:: Data provided ::
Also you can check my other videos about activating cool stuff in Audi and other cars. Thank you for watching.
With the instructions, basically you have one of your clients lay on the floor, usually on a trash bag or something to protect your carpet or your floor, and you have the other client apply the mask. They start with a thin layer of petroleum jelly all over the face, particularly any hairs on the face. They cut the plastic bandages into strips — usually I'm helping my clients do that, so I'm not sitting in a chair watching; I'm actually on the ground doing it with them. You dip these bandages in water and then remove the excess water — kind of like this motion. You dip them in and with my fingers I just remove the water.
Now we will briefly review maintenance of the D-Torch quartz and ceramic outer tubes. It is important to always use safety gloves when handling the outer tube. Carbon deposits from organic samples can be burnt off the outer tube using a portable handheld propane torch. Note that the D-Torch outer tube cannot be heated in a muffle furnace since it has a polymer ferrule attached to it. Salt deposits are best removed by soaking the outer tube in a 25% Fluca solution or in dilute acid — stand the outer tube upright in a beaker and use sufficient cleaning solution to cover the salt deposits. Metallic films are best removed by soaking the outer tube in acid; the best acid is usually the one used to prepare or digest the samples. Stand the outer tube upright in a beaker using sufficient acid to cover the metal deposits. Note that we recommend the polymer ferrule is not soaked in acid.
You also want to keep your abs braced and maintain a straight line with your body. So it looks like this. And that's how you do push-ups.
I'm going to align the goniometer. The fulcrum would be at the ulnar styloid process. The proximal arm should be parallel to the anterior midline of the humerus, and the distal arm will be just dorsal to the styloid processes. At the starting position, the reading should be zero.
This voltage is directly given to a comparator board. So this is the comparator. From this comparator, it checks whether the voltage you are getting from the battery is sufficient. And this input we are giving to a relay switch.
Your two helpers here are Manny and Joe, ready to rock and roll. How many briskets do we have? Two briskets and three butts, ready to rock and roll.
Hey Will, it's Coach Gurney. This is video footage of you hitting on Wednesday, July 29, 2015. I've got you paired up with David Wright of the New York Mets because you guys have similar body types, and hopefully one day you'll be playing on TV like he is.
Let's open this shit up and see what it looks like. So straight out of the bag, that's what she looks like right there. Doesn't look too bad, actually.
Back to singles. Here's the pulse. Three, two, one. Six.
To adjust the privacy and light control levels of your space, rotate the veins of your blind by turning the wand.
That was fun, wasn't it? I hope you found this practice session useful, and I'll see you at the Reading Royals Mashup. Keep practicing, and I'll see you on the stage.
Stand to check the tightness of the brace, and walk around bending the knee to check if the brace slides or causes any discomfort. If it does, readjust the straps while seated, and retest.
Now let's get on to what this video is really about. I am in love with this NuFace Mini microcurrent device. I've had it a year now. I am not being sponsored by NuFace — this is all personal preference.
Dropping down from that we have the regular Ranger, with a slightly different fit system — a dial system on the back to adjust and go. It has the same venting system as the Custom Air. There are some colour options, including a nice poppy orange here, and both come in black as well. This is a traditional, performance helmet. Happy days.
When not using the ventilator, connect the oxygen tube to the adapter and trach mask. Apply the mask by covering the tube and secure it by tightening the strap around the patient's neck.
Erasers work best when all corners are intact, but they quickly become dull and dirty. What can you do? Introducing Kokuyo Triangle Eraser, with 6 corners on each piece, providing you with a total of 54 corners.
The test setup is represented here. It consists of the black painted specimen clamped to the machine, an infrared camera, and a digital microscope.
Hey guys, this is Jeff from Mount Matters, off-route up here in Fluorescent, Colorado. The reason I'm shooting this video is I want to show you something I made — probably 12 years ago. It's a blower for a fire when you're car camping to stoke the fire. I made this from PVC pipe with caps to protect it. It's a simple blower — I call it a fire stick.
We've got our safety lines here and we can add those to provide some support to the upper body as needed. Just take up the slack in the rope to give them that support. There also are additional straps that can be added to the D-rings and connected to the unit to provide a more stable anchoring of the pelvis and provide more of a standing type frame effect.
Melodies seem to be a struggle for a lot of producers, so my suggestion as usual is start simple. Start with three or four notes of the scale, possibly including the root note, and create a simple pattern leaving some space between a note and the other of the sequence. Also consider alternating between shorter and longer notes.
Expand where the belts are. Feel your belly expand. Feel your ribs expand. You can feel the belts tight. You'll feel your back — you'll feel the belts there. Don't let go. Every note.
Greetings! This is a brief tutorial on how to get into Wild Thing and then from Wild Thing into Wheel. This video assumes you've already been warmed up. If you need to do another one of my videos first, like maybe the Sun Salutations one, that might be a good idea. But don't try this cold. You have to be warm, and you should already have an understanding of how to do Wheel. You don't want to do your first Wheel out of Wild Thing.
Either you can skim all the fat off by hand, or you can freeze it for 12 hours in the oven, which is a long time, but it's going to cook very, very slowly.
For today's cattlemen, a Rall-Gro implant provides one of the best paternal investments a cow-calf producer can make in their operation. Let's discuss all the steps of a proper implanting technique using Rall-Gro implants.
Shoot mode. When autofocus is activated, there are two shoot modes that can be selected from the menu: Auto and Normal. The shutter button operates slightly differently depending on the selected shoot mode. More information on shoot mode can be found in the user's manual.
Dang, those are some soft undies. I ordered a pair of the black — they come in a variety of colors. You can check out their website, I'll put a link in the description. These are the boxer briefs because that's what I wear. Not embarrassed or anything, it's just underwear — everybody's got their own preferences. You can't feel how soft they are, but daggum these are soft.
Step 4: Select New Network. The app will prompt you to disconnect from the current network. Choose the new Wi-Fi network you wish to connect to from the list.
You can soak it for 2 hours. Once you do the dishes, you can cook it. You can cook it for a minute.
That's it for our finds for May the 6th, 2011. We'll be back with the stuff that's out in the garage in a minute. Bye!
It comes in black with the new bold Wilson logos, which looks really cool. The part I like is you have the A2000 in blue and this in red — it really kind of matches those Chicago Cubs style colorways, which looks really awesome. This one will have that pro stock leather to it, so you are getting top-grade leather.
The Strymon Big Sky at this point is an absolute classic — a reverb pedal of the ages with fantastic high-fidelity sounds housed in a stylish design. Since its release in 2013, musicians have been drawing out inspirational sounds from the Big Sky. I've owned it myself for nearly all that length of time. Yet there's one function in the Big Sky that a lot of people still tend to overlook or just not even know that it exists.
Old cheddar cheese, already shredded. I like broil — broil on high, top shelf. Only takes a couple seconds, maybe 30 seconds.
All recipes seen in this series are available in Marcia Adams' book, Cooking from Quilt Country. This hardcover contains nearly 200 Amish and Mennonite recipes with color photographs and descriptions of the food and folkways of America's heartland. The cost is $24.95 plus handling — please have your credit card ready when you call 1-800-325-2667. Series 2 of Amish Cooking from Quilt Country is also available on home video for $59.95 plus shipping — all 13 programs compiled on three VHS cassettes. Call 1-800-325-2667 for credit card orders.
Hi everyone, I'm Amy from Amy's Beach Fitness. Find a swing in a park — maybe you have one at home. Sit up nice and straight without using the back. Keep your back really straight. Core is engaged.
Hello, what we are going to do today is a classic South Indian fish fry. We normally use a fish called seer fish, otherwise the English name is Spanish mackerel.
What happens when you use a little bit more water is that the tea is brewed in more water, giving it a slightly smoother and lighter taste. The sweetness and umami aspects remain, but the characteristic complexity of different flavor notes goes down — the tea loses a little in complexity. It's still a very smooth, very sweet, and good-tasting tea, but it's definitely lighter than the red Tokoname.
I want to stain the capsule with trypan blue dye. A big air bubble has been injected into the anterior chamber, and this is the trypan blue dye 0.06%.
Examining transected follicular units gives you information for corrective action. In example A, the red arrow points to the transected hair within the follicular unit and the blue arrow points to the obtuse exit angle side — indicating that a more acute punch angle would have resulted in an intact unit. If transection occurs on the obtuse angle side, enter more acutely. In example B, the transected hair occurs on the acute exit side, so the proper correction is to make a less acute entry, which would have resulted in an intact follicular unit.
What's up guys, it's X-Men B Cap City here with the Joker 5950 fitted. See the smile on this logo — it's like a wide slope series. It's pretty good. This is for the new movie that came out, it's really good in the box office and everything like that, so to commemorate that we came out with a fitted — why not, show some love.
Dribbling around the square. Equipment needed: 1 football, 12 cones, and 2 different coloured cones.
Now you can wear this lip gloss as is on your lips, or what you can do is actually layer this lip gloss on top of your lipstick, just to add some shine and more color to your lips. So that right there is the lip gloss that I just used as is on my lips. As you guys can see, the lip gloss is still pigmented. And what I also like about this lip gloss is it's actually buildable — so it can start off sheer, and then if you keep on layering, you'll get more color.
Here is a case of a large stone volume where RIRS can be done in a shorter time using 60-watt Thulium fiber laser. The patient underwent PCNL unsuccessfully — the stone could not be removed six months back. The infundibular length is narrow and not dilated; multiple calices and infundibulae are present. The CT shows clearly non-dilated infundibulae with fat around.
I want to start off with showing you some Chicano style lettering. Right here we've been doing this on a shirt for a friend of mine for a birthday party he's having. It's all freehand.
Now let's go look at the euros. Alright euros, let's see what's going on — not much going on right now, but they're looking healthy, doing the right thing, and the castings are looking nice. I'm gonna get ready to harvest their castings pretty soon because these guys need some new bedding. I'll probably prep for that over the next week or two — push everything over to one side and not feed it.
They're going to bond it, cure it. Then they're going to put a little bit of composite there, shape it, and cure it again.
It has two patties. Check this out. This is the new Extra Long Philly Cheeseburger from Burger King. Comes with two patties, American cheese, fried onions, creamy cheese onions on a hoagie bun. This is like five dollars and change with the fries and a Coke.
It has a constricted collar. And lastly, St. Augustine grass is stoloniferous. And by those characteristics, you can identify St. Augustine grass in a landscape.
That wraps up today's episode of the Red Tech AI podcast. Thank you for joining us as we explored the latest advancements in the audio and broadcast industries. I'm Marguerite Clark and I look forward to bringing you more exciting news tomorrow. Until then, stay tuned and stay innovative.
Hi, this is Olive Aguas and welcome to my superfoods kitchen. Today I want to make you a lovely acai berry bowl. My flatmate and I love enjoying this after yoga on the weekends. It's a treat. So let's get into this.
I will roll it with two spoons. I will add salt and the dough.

:: What to produce ::
Only the lines above starting at the line that holds "Greetings! This is" and ending at the line that holds "Step 4: Select" are to be repeated, exactly and in full.

:: Exercise answer ::
Greetings! This is a brief tutorial on how to get into Wild Thing and then from Wild Thing into Wheel. This video assumes you've already been warmed up. If you need to do another one of my videos first, like maybe the Sun Salutations one, that might be a good idea. But don't try this cold. You have to be warm, and you should already have an understanding of how to do Wheel. You don't want to do your first Wheel out of Wild Thing.
Either you can skim all the fat off by hand, or you can freeze it for 12 hours in the oven, which is a long time, but it's going to cook very, very slowly.
For today's cattlemen, a Rall-Gro implant provides one of the best paternal investments a cow-calf producer can make in their operation. Let's discuss all the steps of a proper implanting technique using Rall-Gro implants.
Shoot mode. When autofocus is activated, there are two shoot modes that can be selected from the menu: Auto and Normal. The shutter button operates slightly differently depending on the selected shoot mode. More information on shoot mode can be found in the user's manual.
Dang, those are some soft undies. I ordered a pair of the black — they come in a variety of colors. You can check out their website, I'll put a link in the description. These are the boxer briefs because that's what I wear. Not embarrassed or anything, it's just underwear — everybody's got their own preferences. You can't feel how soft they are, but daggum these are soft.
Step 4: Select New Network. The app will prompt you to disconnect from the current network. Choose the new Wi-Fi network you wish to connect to from the list.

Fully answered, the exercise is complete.